My current setup is a pretty beefy server and I am using a transparent bridge for the network interface that I am filtering.
ISP -> (igb0)Firewall(igb1) -> Core Switch
igb0 and igb1 are in a bridge (BRIDGE0) in pfSense
I am using pfBlockerNG to manage my dynamic rule lists and create firewall rules for them and those are being placed in floating rules.I see that if I go to System->Advanced->Firewall / NAT, I can change the TCP Timeout options manually (and I assume override what the Firewall Optimization Options sets automatically). I don't think I need to worry as much about my state table filling up since I have an overpowered server (24 cores and 48GB RAM) running the firewall. All I care about is SSH sessions not being dropped when idle since SSH is heavily used on our network. Any suggestions?
Thanks!
-
My ssh sessions stay up until an event takes them down, but I'm not running transparent proxying bridge. I'm talking days, weeks, months.
I didn't do anything special in pfSense, the ssh server, or the ssh client to make it happen. TCP KeepAlives are pretty much the norm these days. Maybe the ssh logs on the server or client would bear fruit.
-
+1. Never seen a session dropped beyond broken clients (like, STFP plugin for Total Commander).
-
asymmetric routing? TCP connections have a 24 hour timeout. If it's dropping after 90 seconds, it's because the TCP handshake isn't being completed from PFSense's perspective.
-
Yeah it's really weird. I don't believe it is asymmetric routing since I am just using it as a transparent bridge. Right now I only have one of our networks on it, but if I can get this working I am going to put both on it.

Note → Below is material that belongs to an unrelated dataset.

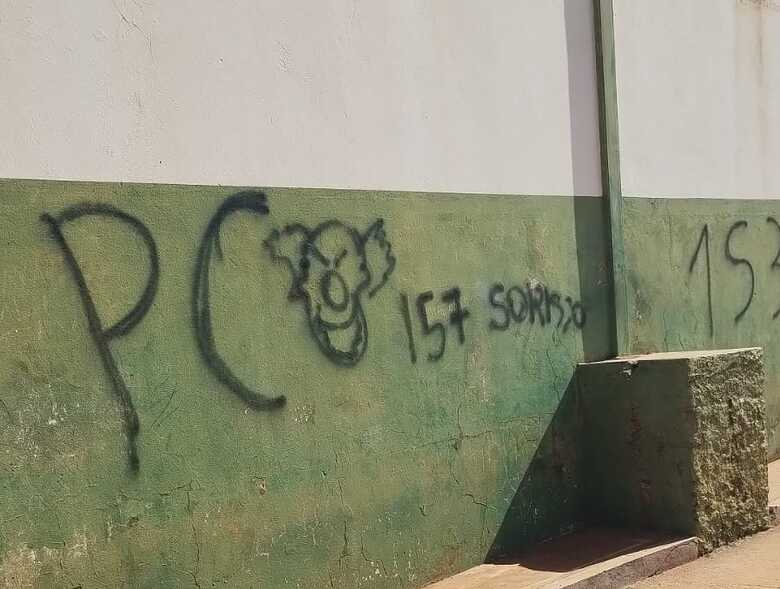 Picha&ccedil;&otilde;es com ins&iacute;gnia de fac&ccedil;&atilde;o - Foto: Reprodu&ccedil;&atilde;o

ISP (X.X.49.254) -> (igb0)Firewall(igb1) -> Core Switch (X.X.49.247)
ISP (X.X.50.254) -> (igb2)Firewall(igb3) -> Core Switch (X.X.50.247)In our case, the "ISP" is the college's network that we are using. This is for a single dorm floor.
Everything on our network is using X.X.49.247 and X.X.50.247 as their gateways (depending on which they are on) and then our core switch passes it along to X.X.49.254 or X.X.50.254. Right now, only the X.X.50.0/24 network is going through the firewall. I have disabled Outbound NAT rule generation in case that had anything to do with it.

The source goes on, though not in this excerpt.